Неужели это та девочка-заморыш? Да, это она. Ей шестнадцать лет. Она красавица.

Ее окружают подруги.

У нас на Благуше все девушки были красавицами. По крайней мере мы, мужчины, так считали.

Мужчина со сбившейся шапкой таращит глаза на Шурку и ее подруг. Этот мужчина — я. Мне шесть лет.

— Алешенька… — томно говорит Шурка. — Я тебе шапочку поправлю.

Она нахлобучивает мне шапку и завязывает тесемки. Я улыбаюсь.

— Шура, а я чего умею… — говорю я и, вырвавшись, пыхтя, лезу на поленницу дров.

Я раскидываю руки, как крылья, и, мотнув валенками, лечу в сугроб.

— Ой… — говорит Шурка и бежит ко мне.

— Лешка… нос расшибешь! — слышен мужской голос.

Шурка и девочки оборачиваются, как по команде, и застывают.

По дорожке идет мой отец. Он все в той же кожанке.

— Здравствуйте, Николай Сергеевич, — говорит Шурка тихим голосом.

— Здравствуй, Шура, — отвечает он. — Как поживаешь?

— Ничего…

— А дед как? Все так же?

— Ага… Отец уходит.

Подруги окружают Шурку, которая глядит ему вслед.

— Какой интересный! — говорят подруги.

— На инженера учится, — говорит Шурка. В то время инженерское звание весило больше, чем сейчас.

— Ой, Шурка, откуда он тебя знает? Глаза у Шурки-певицы становятся мечтательными. У наших благушинских всегда такие глаза, когда они собираются сказать чистую правду.

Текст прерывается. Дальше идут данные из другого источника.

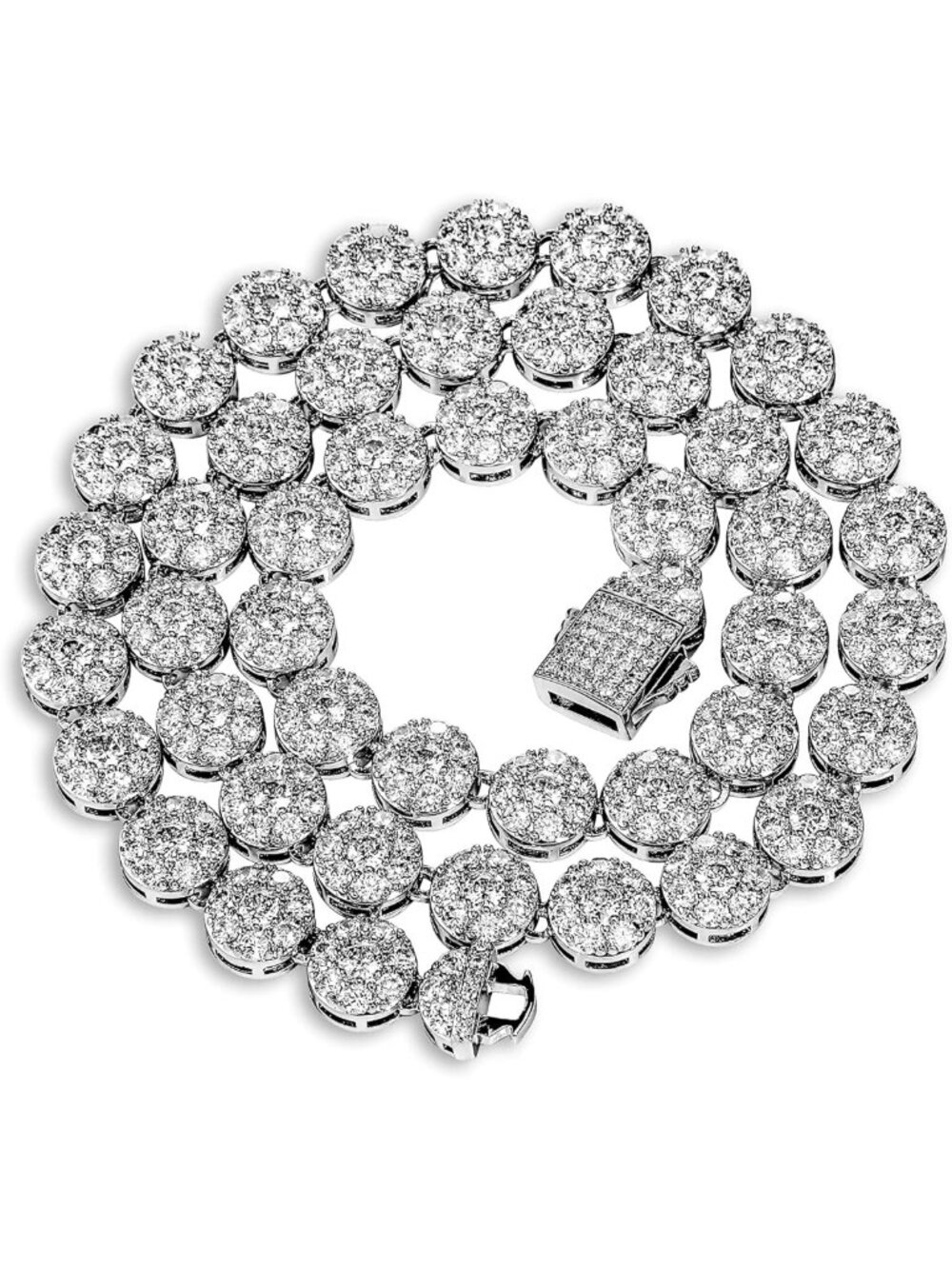 Stylish Silver Tennis Necklace Choker for Women & Men - 10mm Cubic Zirconia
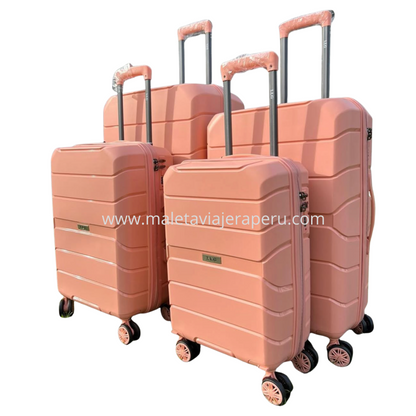 Maletas de ruedas para viaje linea (Melón)
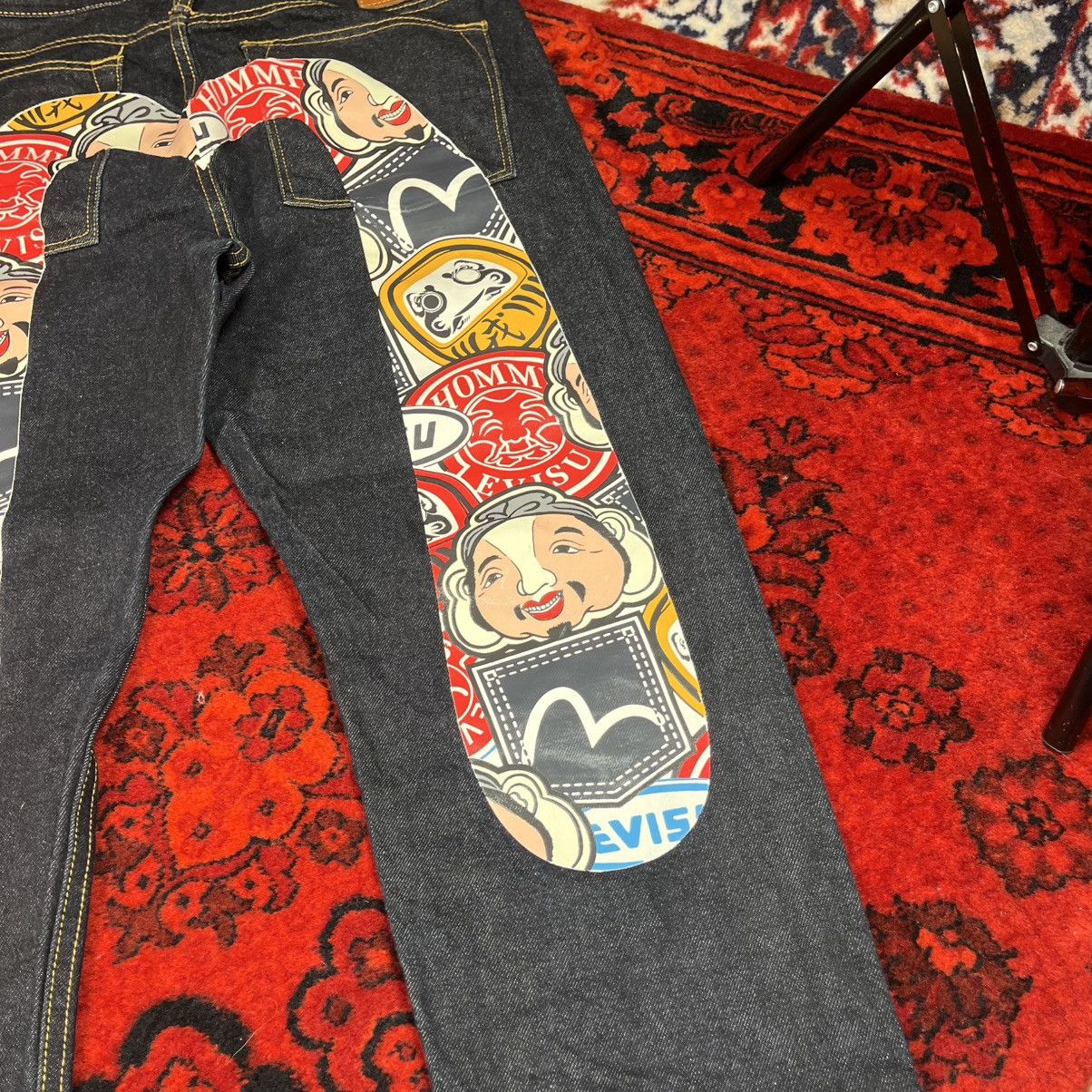 Evisu EVISU Jeans Big Back Daicock Seagull Graphic Archive Y2K Size US 36 / EU 52 - 8 Thumbnail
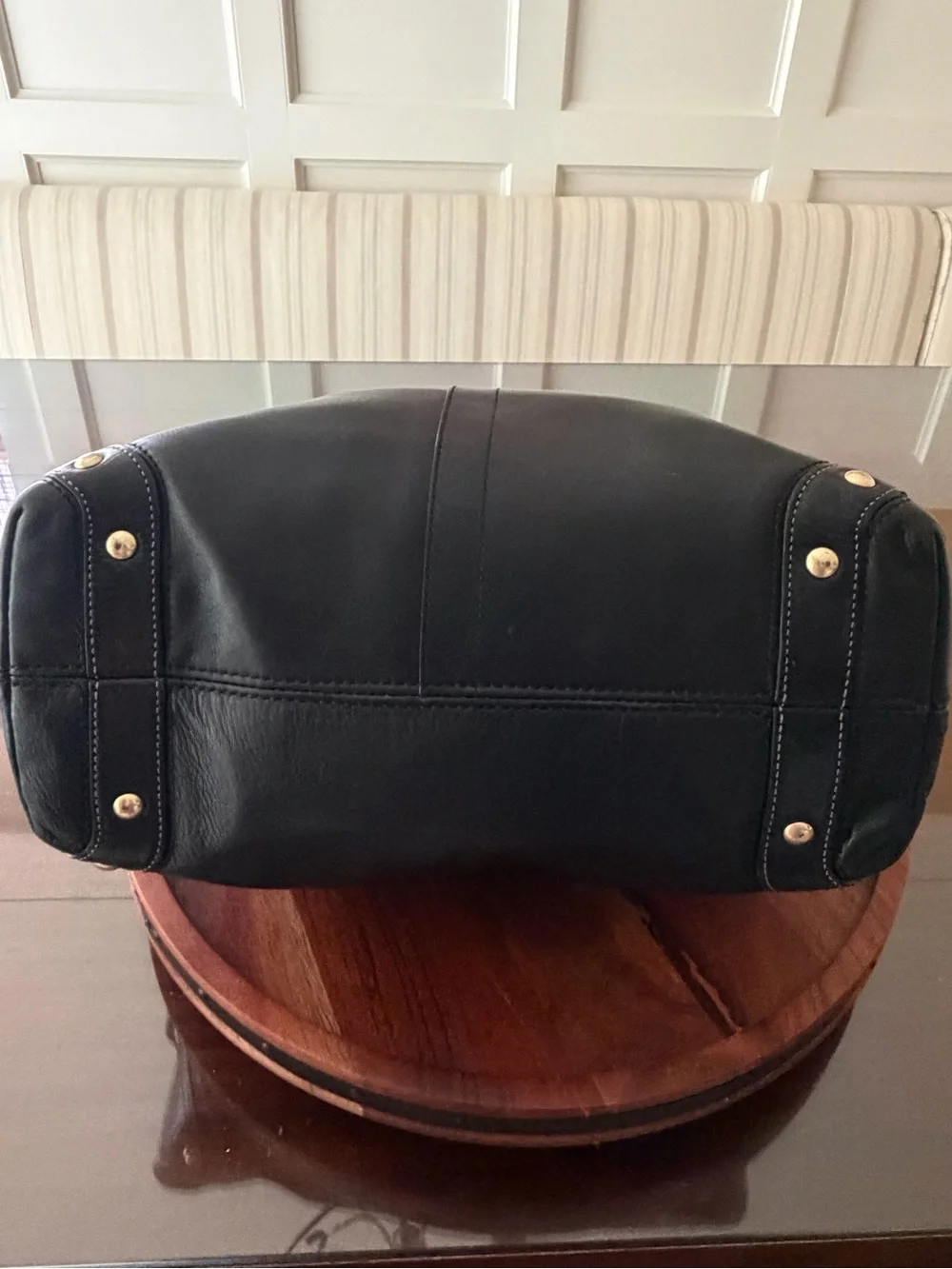 Coach sleek black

— Он меня от смерти спас, — говорит она.

— Не ври…

— Дуры… Когда это я врала? — спрашивает Шурка. — Это случай был. Я в булочную пошла, ну, значит, беру ситный. Вдруг раз — бандиты! Наганы вытащили и на меня…

— Ой…

— Вдруг влетел мужчина весь в кожаном и бомбу кинул… Все взорвались. Остались только он и я. — Шурка перевела дух. — И тут он меня поцеловал роковым поцелуем…

— Поцеловал? Врешь! А куда?

— Сюда… — подумав, говорит Шурка и показывает на губы.

— Ой, а ты? — ужасаются подруги, глядя на ее губы.

— А я ему говорю: «Вы, Николай Сергеевич, конечно, меня безумно любите, но ничего этого нельзя. У вас жена и этот… как его… прелестное дитя…»

Подруги замирают в блаженстве. Благушинские всегда замирают после этого.

А прелестное дитя таращит глаза на Шуркиного деда. Дед действительно «как всегда». Он идет покачиваясь. Он бурчит песню.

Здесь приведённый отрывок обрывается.